Mismatch between structure in materials document vs. structure in task document in MP API

Hello all,

When looking at material, for example, mp-753537, and getting the material doc for it:
mat_doc = mpr.materials.search('mp-753537')[0]

I see that it has the following task_ID: mp-1363005. I also see that the mat_doc has a structure with 14 sites:
len(mat_doc.structure)

When looking at the task_doc for ID mp-1363005
task_doc = mpr.materials.tasks.search('mp-1363005')[0]
I see that it has a structure with 28 sites:
len(task_doc.output.structure)

Could you explain the discrepancy? Is it because at the materials level the structure is made as the conventional standard structure? If so, does it use the Spacegroup Analyzer from PMG to do this? And why was the task using a slightly larger structure?

Thank you!

Hi @Martin_Siron1, there is a many-to-one correspondence from tasks to materials.
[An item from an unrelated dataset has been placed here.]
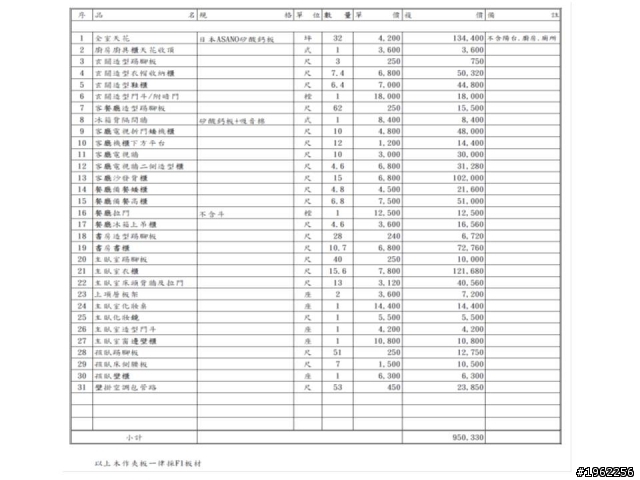請問F1板材裝潢價格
Thus a task with the same MP ID as a material doesn’t necessarily correspond to all properties in a material.

You can see by looking in the origins field of a SummaryDoc which tasks are used to build some of the properties in a material:

from mp_api.client import MPRester

with MPRester() as mpr:
    summary_doc = mpr.materials.summary.search(material_ids = ["mp-753537"])[0]
    print(summary_doc.origins)
    for property in summary_doc.origins:
        if property.name == "structure":
            break
    task = mpr.materials.tasks.search(task_ids = [property.task_id])[0]
print(task.structure.num_sites)

The first print should show you something like this:

[PropertyOrigin(name='structure', task_id=MPID(mp-1319701), last_updated=datetime.datetime(2020, 4, 29, 23, 3, 15, 704000)), PropertyOrigin(name='energy', task_id=MPID(mp-1319701), last_updated=datetime.datetime(2023, 8, 3, 20, 42, 6, 351000)), PropertyOrigin(name='magnetism', task_id=MPID(mp-1319701), last_updated=datetime.datetime(2020, 4, 29, 23, 3, 15, 704000))]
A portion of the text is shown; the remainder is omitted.